ODD Collector GCP is a lightweight service which gathers metadata from all your Google Cloud Platform data sources.
To learn more about collector types and ODD Platform's architecture, read the documentation.
By default, collector uses the process described in https://google.aip.dev/auth/4110 to resolve credentials.
If not running on Google Cloud Platform (GCP), this generally requires the environment variable GOOGLE_APPLICATION_CREDENTIALS to point to a JSON file containing credentials.
type: bigquery_storage
name: bigquery_storage
project: <any_project_name>
datasets_filter: # Optional, if not provided all datasets from the project will be fetched
include: [ <patterns_to_include> ] # List of dataset name patterns to include
exclude: [ <patterns_to_exclude> ] # List of dataset name patterns to exclude
type: bigtable
name: bigtable
project: <any_project_name>
rows_limit: 10 # get combination of all types in table used across the first N rows.
type: gcs
name: gcs_adapter
project: <any_project_name>
filename_filter: # Optional. Default filter allows each file to be ingested to platform.
include: [ '.*.parquet' ]
exclude: [ 'dev_.*' ]
parameters: # Optional set of parameters, default values presented below.

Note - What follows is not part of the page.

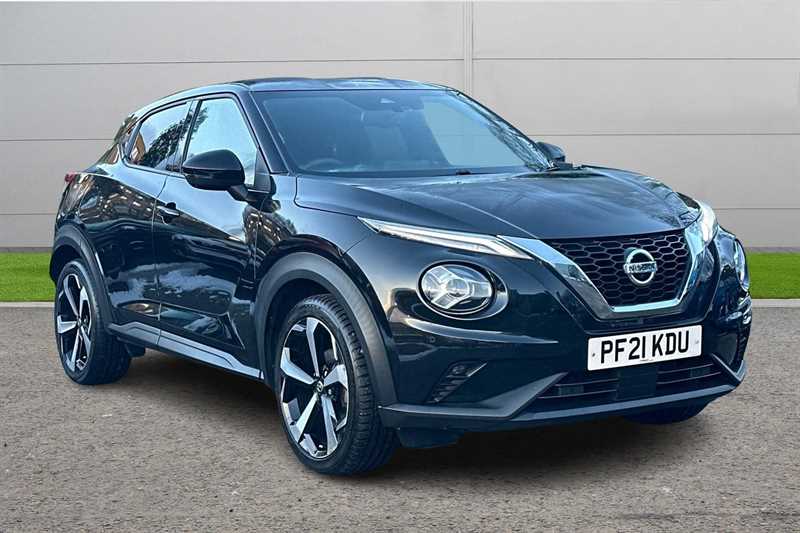 Main listing image - Nissan Juke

anonymous: bool = False, # Whether to connect anonymously. If True, will not attempt to look up credentials using standard GCP configuration methods.
access_token: str = None, # GCP access token. If provided, temporary credentials will be fetched by assuming this role; also, a credential_token_expiration must be specified as well.

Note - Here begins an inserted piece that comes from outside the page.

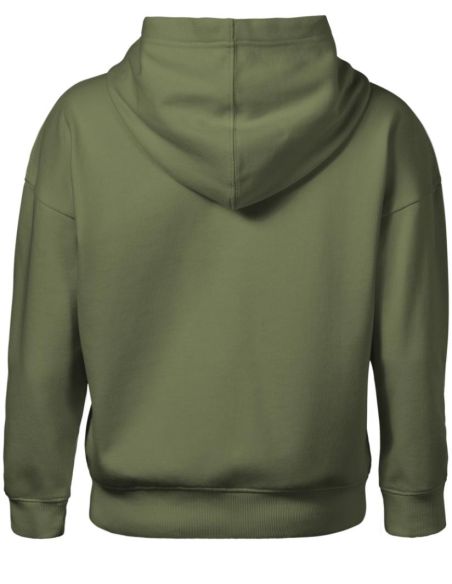 Mikina dámska Moon 421 khaki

target_service_account: str = None, # An optional service account to try to impersonate when accessing GCS. This requires the specified credential user or service account to have the necessary permissions.
credential_token_expiration: datetime = None, # Datetime in format: "2023-12-31 23:59:59". Expiration for credential generated with an access token. Must be specified if access_token is specified.
default_bucket_location: str = "US", # GCP region to create buckets in.
scheme: str = "https", # GCS connection transport scheme.
endpoint_override: str = None, # Override endpoint with a connect string such as “localhost:9000”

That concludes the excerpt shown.